RNAs have gained significant attention in recent years because they can fold into well-defined secondary or tertiary structures. These three dimensional architectures provide interfaces for specific RNA-RNA or RNA-protein interactions that are essential for biological processes in a living system. These discoveries greatly increased interest in RNA as a potential drug target for the treatment of diseases. Two of the most studied RNA based regulatory systems are HIV-1 trans-activating response element (TAR)/Tat replication pathway and Rev response element (RRE)/Rev export pathway. To efficiently target TAR and RRE RNA, we designed and synthesized three generations of branched peptide libraries that resulted in medium sized molecules.
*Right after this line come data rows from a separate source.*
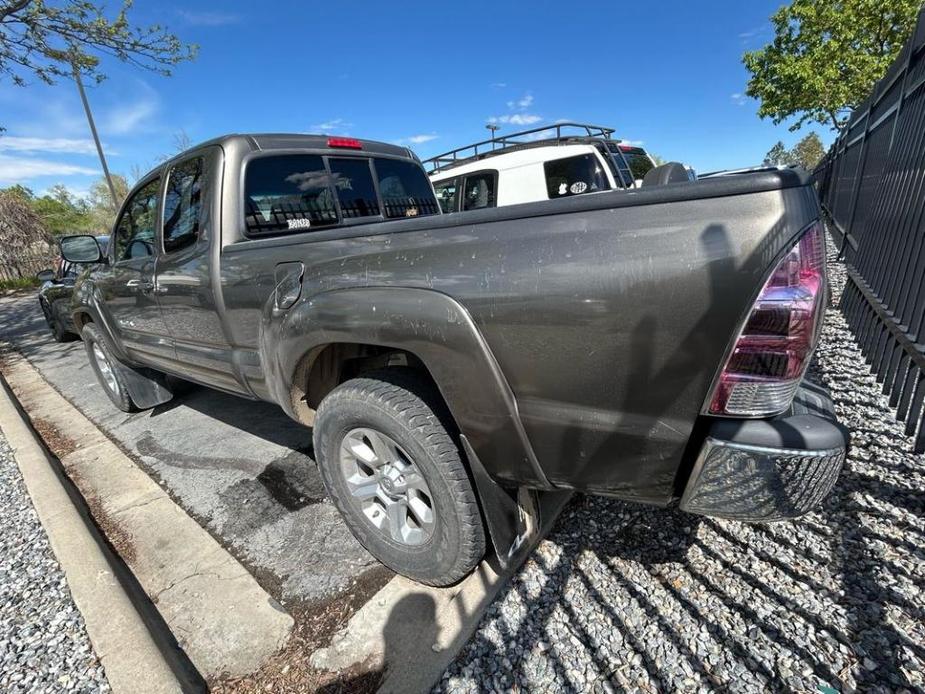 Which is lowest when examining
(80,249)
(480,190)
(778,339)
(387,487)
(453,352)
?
(387,487)

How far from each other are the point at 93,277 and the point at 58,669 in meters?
3.37

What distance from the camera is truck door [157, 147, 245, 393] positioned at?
251 cm

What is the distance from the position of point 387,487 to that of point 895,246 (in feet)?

The first generation of BPs were discovered from screening a one-bead one-compound library (4,096 compounds) against HIV-1 TAR RNA. One peptide FL4 displayed a binding affinity of 600 nM to TAR RNA, which is tighter than its native protein counterpart, Tat. Biophysical characterization of these BP demonstrated that "branches" in BPs impart multivalency, and they are cell permeable and non-toxic.

The second generation peptides were discovered from an on-bead high-throughput screening of a 3.3.4 branched peptide boronic acids (BPBAs) library that bind selectively to the tertiary structure of RRE IIB. The library comprised of 46,656 unique sequences. We demonstrate that our highest affinity BPBA (BPBA1) selectively binds RRE IIB in the presence of competitor tRNAs as well as against six RRE IIB structural variants. Further, we show that the boronic acid moieties afford a novel binding mode towards RNA that is tunable; their Lewis acidity has critical effects on binding affinity. In addition, biophysical characterizations provide evidence that "branching" in these peptides is a key structural motif for multivalent interactions with the target RNA. Finally, RNA footprinting studies revealed that the BPBA1 binding site encompasses a large surface area that spans both the upper stem as well as the internal loop regions of RRE IIB. BPBA1 is cell permeable and non-toxic.
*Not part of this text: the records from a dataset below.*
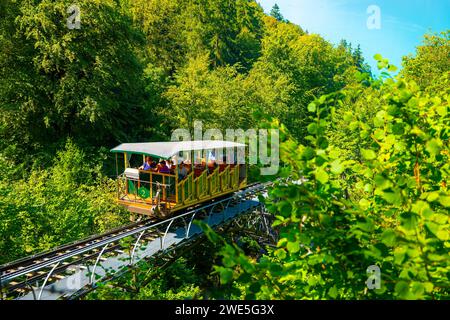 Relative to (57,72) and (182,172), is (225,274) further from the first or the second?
(57,72)

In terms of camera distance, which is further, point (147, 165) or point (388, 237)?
point (147, 165)

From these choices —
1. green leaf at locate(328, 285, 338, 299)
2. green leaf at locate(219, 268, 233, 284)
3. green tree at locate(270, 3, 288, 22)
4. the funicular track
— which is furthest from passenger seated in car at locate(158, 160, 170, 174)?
green tree at locate(270, 3, 288, 22)

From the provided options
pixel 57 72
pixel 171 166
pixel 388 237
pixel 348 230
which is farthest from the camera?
pixel 57 72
In the next generation of branched peptides, a 3.3.4 branched peptide library composed of 4,096 unique sequences that featured boronic acid and acridine moieties was designed. We chose acridine as the amino acid side chain due to its potential for π-stacking interaction that provides high binding affinity to RNA target. The library was screened against HIV-1 RRE IIB RNA. Fifteen peptides were sequenced and four contained acridine alone and/or in conjunction with boronic acid moieties displayed dissociation constants lower than 100 nM. The ribonuclease protection assays of A7, a sequence that contains both boronic acid and acridine residues, showed a similar protection pattern compared to previous peptide BPBA1, suggesting that the 3.3.4 branched peptides shared similar structural elements and contacted comparable regions of the RRE IIB RNA.

The results from this research indicated that "branching" in peptides imparts multivalent interactions to the RNA, and that functional groups such as boronic acid and acridine are key structural features for efficient binding and selectivity for the folded RNA target. We demonstrated that the branched peptides are cell permeable and non-toxic.